§ Required action
Transcribe the whole listing exactly; the images stay out.

§ Dataset excerpt
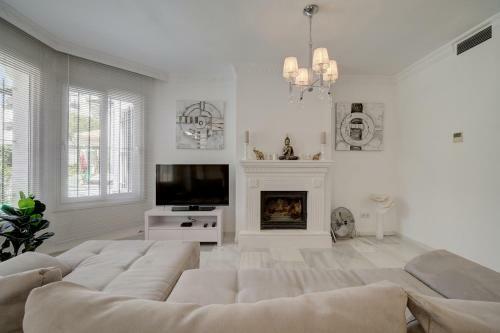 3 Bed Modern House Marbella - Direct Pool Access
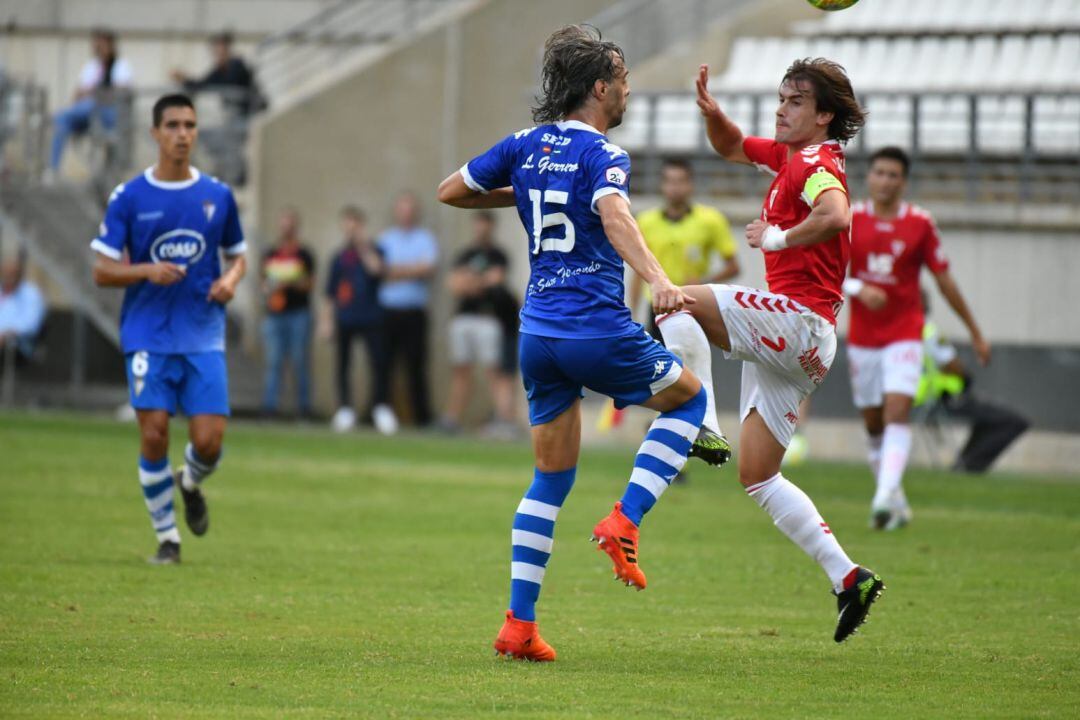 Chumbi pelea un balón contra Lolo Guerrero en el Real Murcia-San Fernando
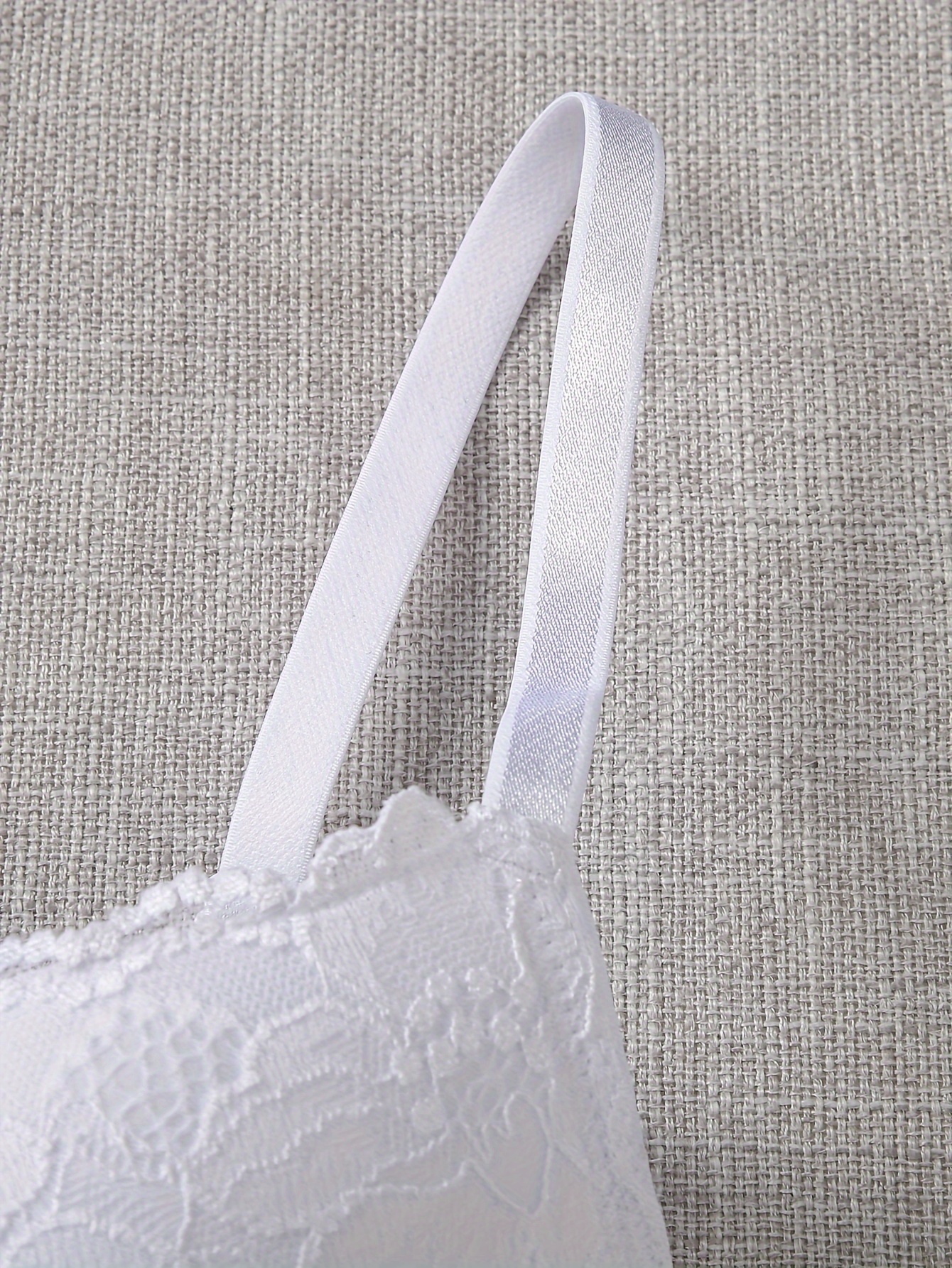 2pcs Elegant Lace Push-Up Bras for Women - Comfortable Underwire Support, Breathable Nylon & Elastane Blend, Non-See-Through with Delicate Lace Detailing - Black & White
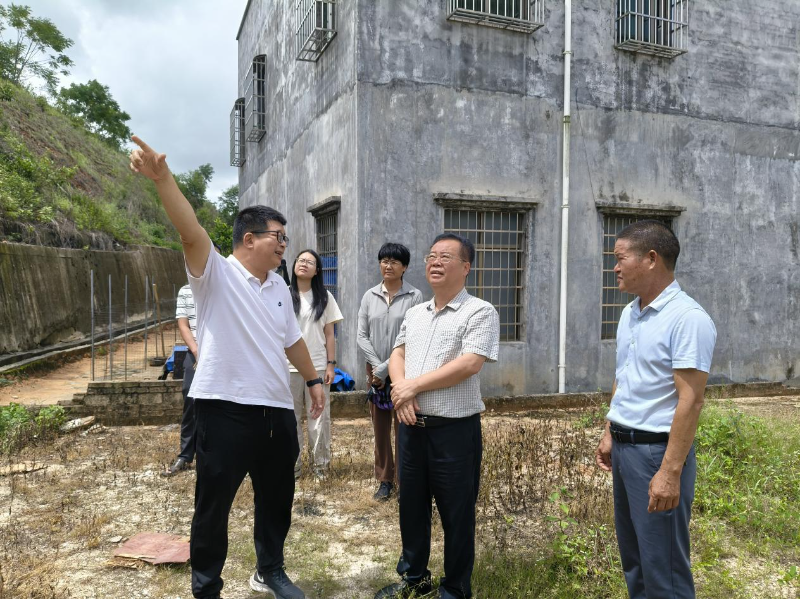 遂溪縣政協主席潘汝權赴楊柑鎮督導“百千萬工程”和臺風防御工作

§ Completed task
 3 Bed Modern House Marbella - Direct Pool Access
 Chumbi pelea un balón contra Lolo Guerrero en el Real Murcia-San Fernando
 2pcs Elegant Lace Push-Up Bras for Women - Comfortable Underwire Support, Breathable Nylon & Elastane Blend, Non-See-Through with Delicate Lace Detailing - Black & White
 遂溪縣政協主席潘汝權赴楊柑鎮督導“百千萬工程”和臺風防御工作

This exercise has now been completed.